Por George Dantas e Lívia Nobre
Um dos grandes desafios contemporâneos para o patrimônio no Brasil talvez seja a necessidade de “despatrimonializar” a própria noção de patrimônio. Isto é, é necessário superar a ideia de que o patrimônio seria apenas o excepcional, o muito antigo, o monumental, o que foi tombado pelos órgãos de proteção de alguma das esferas (municipal, estadual ou federal).
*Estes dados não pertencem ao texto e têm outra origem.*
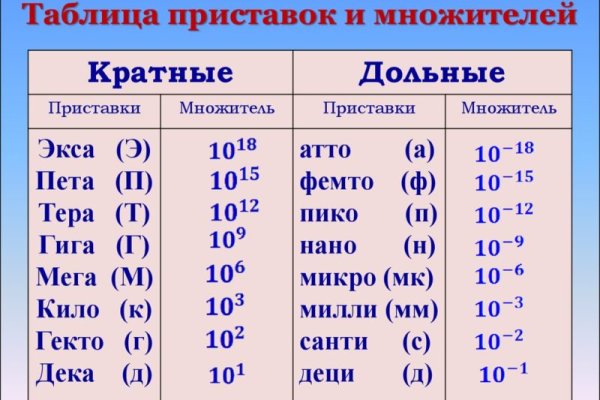 Что будет если зайти в кракен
Este desafio não é novo, por certo, e há boa produção teórica e prática acumulada nas últimas décadas, expandindo os sentidos do patrimônio e abarcando, por exemplo, a noção de paisagem, as práticas e expressões de cultura imateriais, as ambiências dos conjuntos urbanos, as arquiteturas do cotidiano e mesmo dos acervos industriais, para lembrarmos de alguns pontos. Do mesmo modo, a prática de projeto de intervenção em áreas e arquiteturas de interesse patrimonial ganhou mais densidade teórica e metodológica em meio à pluralidade de problemas e abordagens.
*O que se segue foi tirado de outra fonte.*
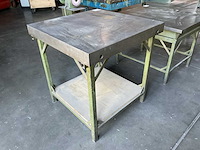 Vlaktafel - afbeelding 2 van  5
Ainda assim, o desafio permanece. Há várias razões para isso. Dentre tantas, gostaríamos de delinear pelo menos duas, como mote para reflexão neste 17 de agosto, Dia do Patrimônio.
Por um lado, a própria história do debate patrimonial no Brasil nos indica que este sempre esteve muito ligado à ideia de monumentalidade e de proteção dos “tesouros nacionais”, de “excepcional valor”. Isso, aliado ao contexto de certa mentalidade colonial dentro do qual o Brasil se desenvolveu, que valorizou principalmente a matriz portuguesa e, mais ainda, centro-europeia de maneira geral, construiu uma pesada herança que ainda hoje marca muitos lugares-comuns sobre o tema, conformando uma visão restrita do patrimônioem vários contextos e debates.
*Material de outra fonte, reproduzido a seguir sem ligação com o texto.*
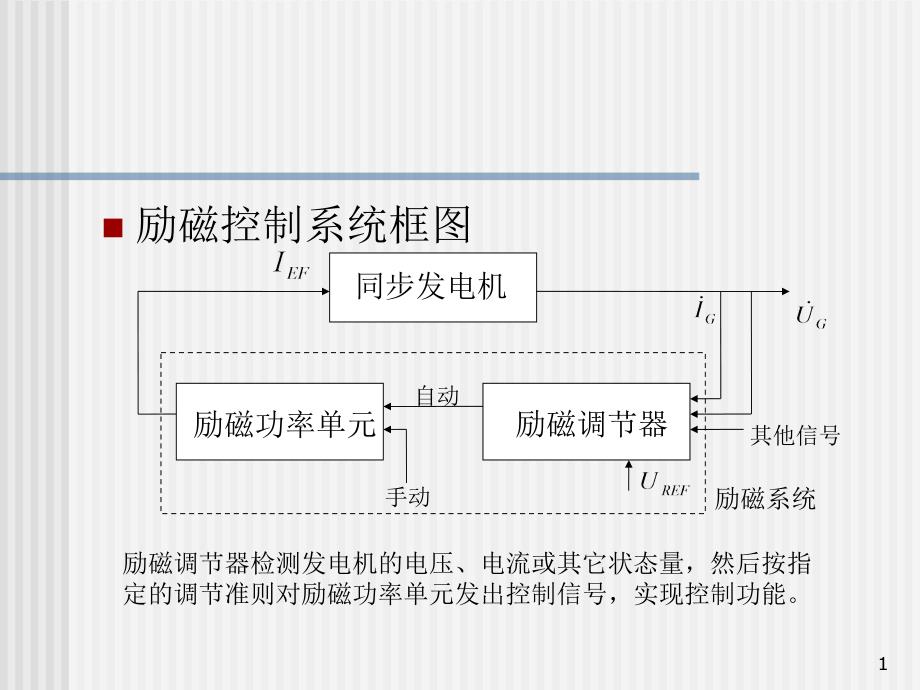 励磁调解装置的_第1页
O patrimônio, assim, não diz respeito apenas às construções extraordinárias e nem se limita às listas de bens tombados. Não há patrimônio material, seja ele como for, sem o devido suporte imaterial: os valores culturais atrelados, a importância daquilo como vestígios de histórias que constroem identidades múltiplas, o sentimento de pertencimento, e tudo aquilo que parte das pessoas, e não apenas das pedras.
Da mesma forma, não há expressões e práticas sociais e culturais sem uma base material e espacial onde possam se realizar. Os sentidos de pertença, fundamentais para a construção de uma noção ampla de patrimônio, dependem das possibilidades e continuidades dos usos, das atualizações e renovações funcionais, das requalificações e do restauro. São sentidos imateriais, mas que são evocados por meio da materialidade. Portanto é fundamental que aprofundemos um debate acerca de ações de salvaguarda material.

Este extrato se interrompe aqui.